A common warning from parents is that ‘Rent money is dead money”. Interest payments on underperforming property is just as dead as rent money. Perhaps worst, as it may prevent you from buying further property if you have more loan than property value.

You May Want to Purchase Your First Home Earlier than Anticipated, and Not be Able to.

An investment property will utilise your borrowing power, and limit future borrowing.

Life seems to change far more quickly than many of us anticipate. Using up your borrowing power on an investment property can mean rentvesters are then unable to buy their first home when circumstances change.

Loss of First Home Buyers Grant Eligibility & Capital Gains Exemption

The other obvious challenge with rentvesting is that buyers lose out on the first home buyers grant. They also miss out on the capital gains exemption they would benefit from in buying a PPOR.

To be eligible for the first home buyers grant, a buyer must move into the property as soon as practicable after purchase. The first home buyers grant should not influence your choice of property or strategy. It is often priced into the asking price (particularly with house and land packages). But it is a bit of a disappointment to miss out, all else being equal.

Your home, as long as you have moved into it once purchased, is exempt from capital gains tax on sale. Many of our parents’ properties have tripled, quadrupled or more in value over 30+ years. Not a cent was paid in tax on that gain, which is unbeatable value in investing.

Any property brought and rented out will be liable for capital gains tax on sale, which creates a substantial dent in profit.

In an ideal world, you would own your PPOR in a high capital gains area, hold for the long-term and sell for a tax free profit decades later.

Taxation on Rental Income

Positive gearing

Any rent recieved will be taxable income. This will eat into the difference between the rent you recieve on your investment property, and the rent you pay for your home.

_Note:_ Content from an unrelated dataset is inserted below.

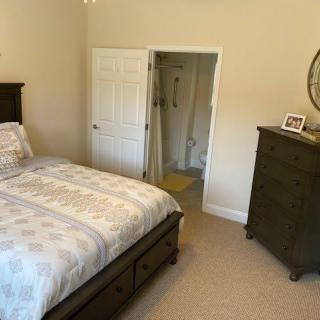 A cozy bedroom featuring a neatly made bed with patterned bedding, a wooden dresser, and an en suite bathroom doorway.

As you progress in your career, and consequently move up tax brackets, tax will become more substantial. 45% of income is lost in tax if the owner earns more than $180,000.

Negative gearing

If you are paying more investment property interest and other expenses than you recieve in rent from your rental property, it will be “Negatively geared”.

This means, each month you will have to put money into the property for the benefit of owning it. This can obviously impact on your current lifestyle, and type of home you can afford to rent.

Tax benefits soften the loss, and these become more substantial the more you earn.

The most important thing to consider here is that you can definitely afford to hold the property long-term. Needing to sell a property before it has grown enough to recoup costs is financially detrimental.

Rentvesting Pros – When is Rentvesting Worth it?

Capital City Renters Who Can’t Afford to Buy Where they Want to Live

Rentvesting suits those that have a long-term plan not to buy a PPOR. The strategy will suit those on moderate and stable incomes, as taxation of rental yield will not eat into the strategic advantages.

The problem with renting instead of buying is often that the extra cash not spent on repayments often disappears into unnoticed discretionary spending. Check out this article on DINKS and the incredible efforts marketing departments make to sell you things you don’t need.

It may also suit those who have purchased a property previously, and so are already ineligible for the first home buyers grant.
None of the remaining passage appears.